◆ **What you have to do**
I would like you to transcribe all of the data exactly.

◆ **Data**
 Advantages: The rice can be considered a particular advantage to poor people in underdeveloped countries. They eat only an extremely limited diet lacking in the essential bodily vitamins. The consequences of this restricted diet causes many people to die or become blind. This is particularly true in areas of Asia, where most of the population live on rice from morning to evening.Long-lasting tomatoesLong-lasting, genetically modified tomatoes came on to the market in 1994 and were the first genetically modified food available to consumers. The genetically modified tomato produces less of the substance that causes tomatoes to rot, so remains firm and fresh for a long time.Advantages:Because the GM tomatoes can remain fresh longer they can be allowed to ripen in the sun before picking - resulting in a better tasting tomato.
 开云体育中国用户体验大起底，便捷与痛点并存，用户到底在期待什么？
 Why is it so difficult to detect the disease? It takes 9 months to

◆ **Answer to the problem**
 Advantages: The rice can be considered a particular advantage to poor people in underdeveloped countries. They eat only an extremely limited diet lacking in the essential bodily vitamins. The consequences of this restricted diet causes many people to die or become blind. This is particularly true in areas of Asia, where most of the population live on rice from morning to evening.Long-lasting tomatoesLong-lasting, genetically modified tomatoes came on to the market in 1994 and were the first genetically modified food available to consumers. The genetically modified tomato produces less of the substance that causes tomatoes to rot, so remains firm and fresh for a long time.Advantages:Because the GM tomatoes can remain fresh longer they can be allowed to ripen in the sun before picking - resulting in a better tasting tomato.
 开云体育中国用户体验大起底，便捷与痛点并存，用户到底在期待什么？
 Why is it so difficult to detect the disease? It takes 9 months to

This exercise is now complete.